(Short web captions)
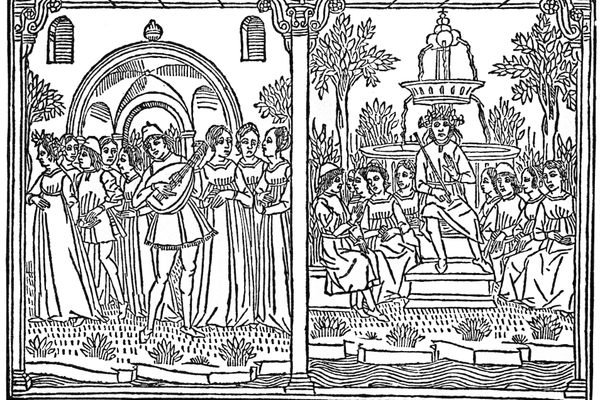 These woodcuts are from the Decameron, a collection of novellas in which young people fleeing plague-ridden Florence tell stories that often provide accounts of life during the pandemic.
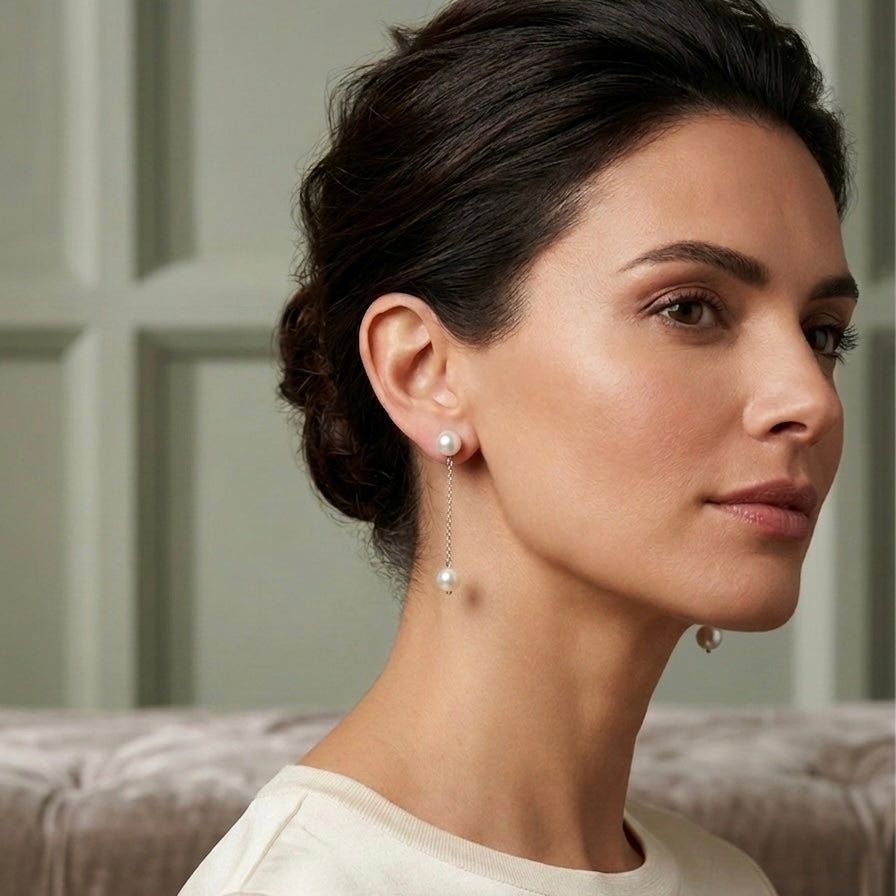 Silver Two-In-One Pearl Earrings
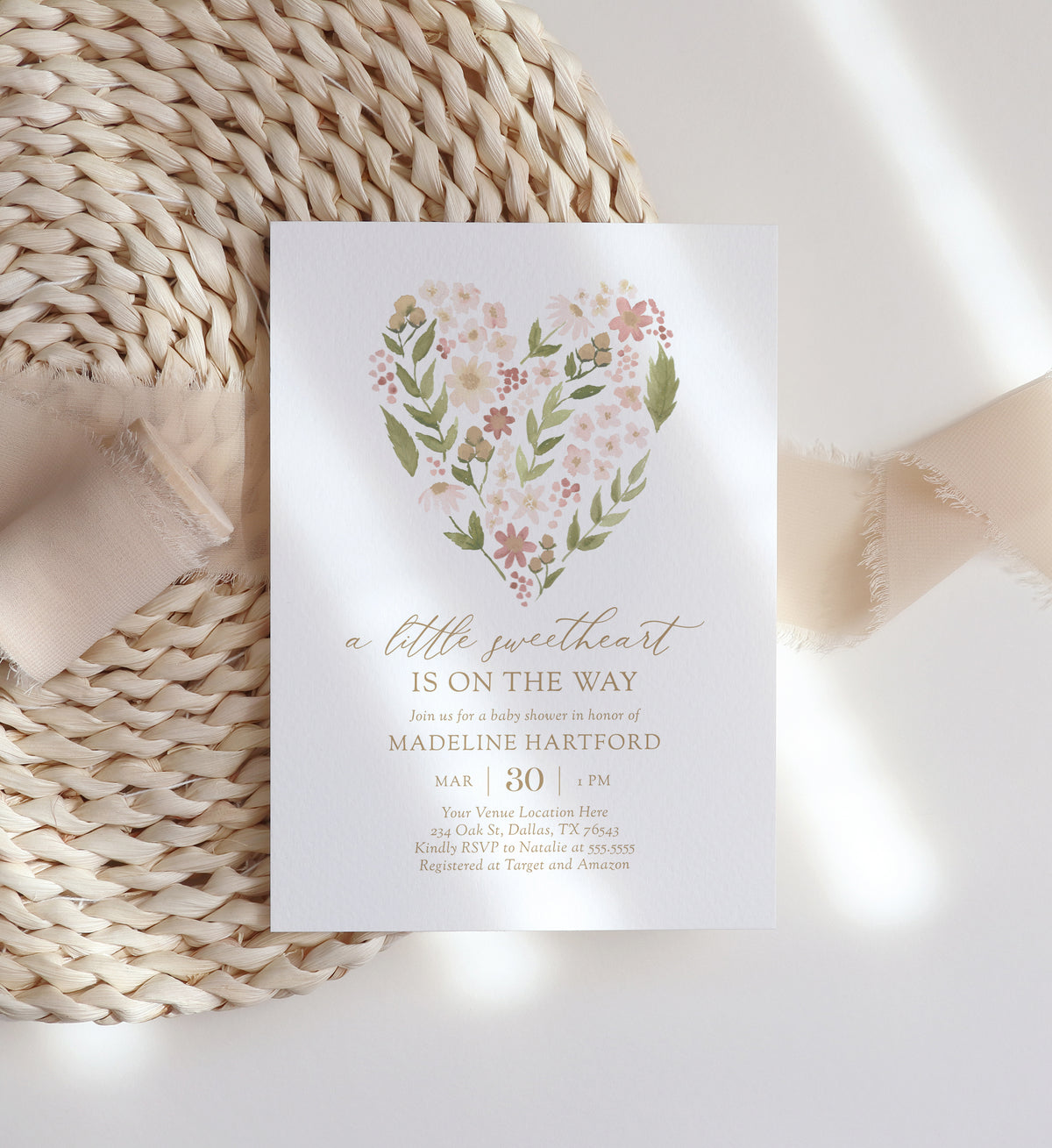 Little Sweetheart Floral Heart Baby Shower Invitation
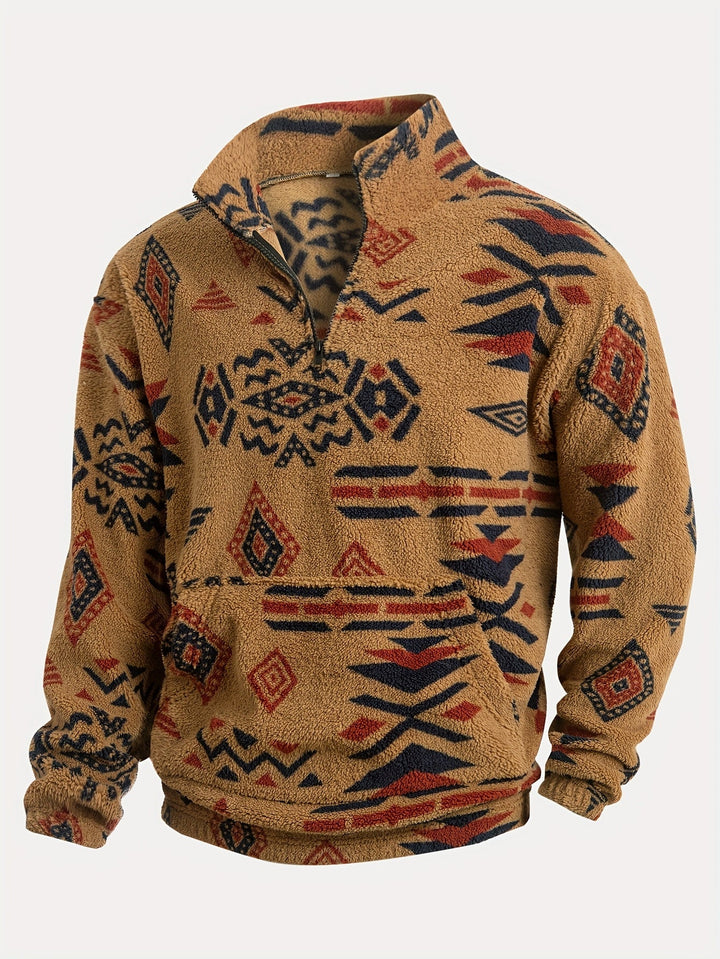 Jacco – Sweatshirt aus Fleece mit halbem Reißverschluss und geometrischem Print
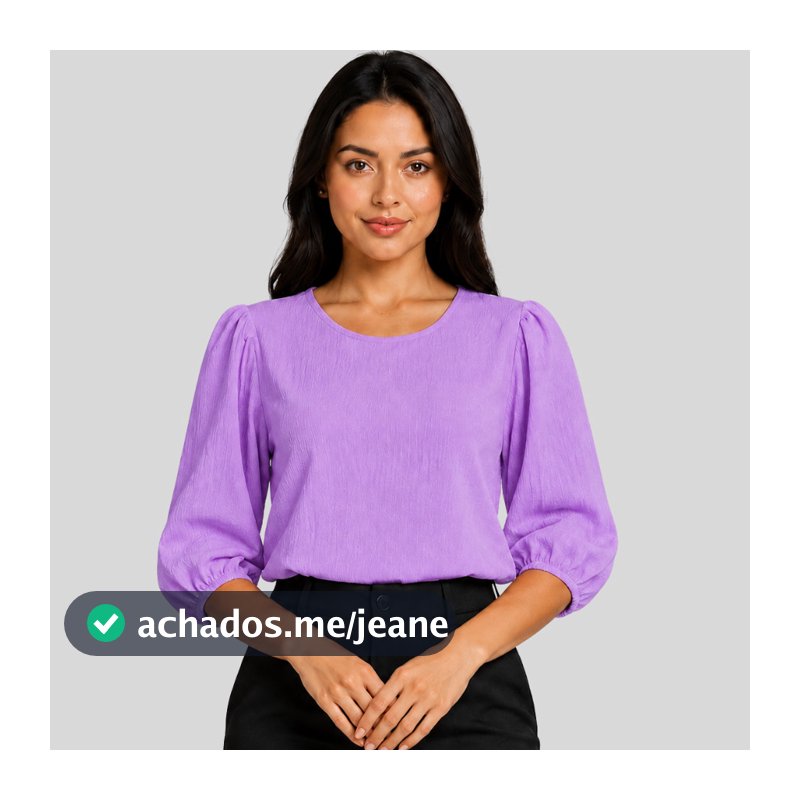 Blusa Feminina Manga 3/4 Gola Redonda Tecido Duna Soltinha Elegante Social Casual Trabalho Moda Evangélica – R&J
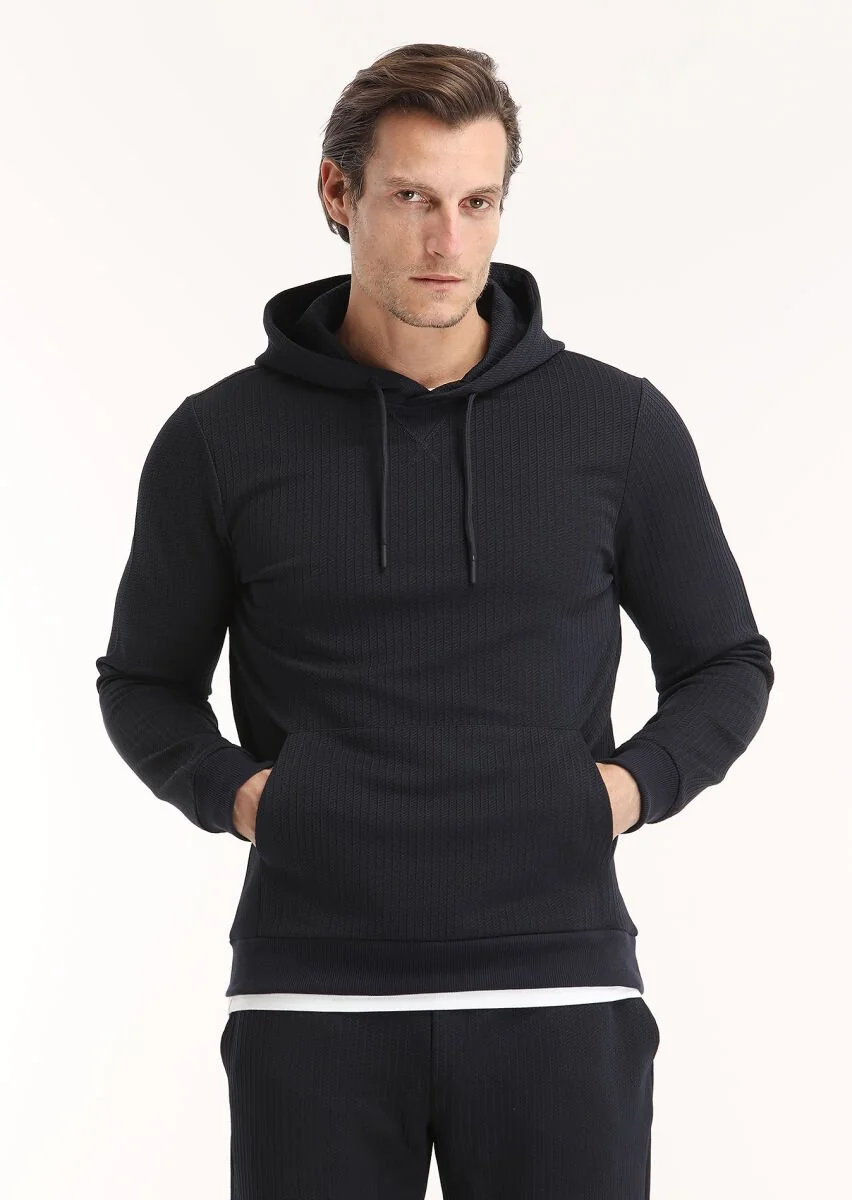 Lacivert Kapüşonlu Jakarlı Sweatshırt - 2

**Exercise instructions:**
The records above, minus their pictures, are to be returned word for word.

**Result below:**
 These woodcuts are from the Decameron, a collection of novellas in which young people fleeing plague-ridden Florence tell stories that often provide accounts of life during the pandemic.
 Silver Two-In-One Pearl Earrings
 Little Sweetheart Floral Heart Baby Shower Invitation
 Jacco – Sweatshirt aus Fleece mit halbem Reißverschluss und geometrischem Print
 Blusa Feminina Manga 3/4 Gola Redonda Tecido Duna Soltinha Elegante Social Casual Trabalho Moda Evangélica – R&J
 Lacivert Kapüşonlu Jakarlı Sweatshırt - 2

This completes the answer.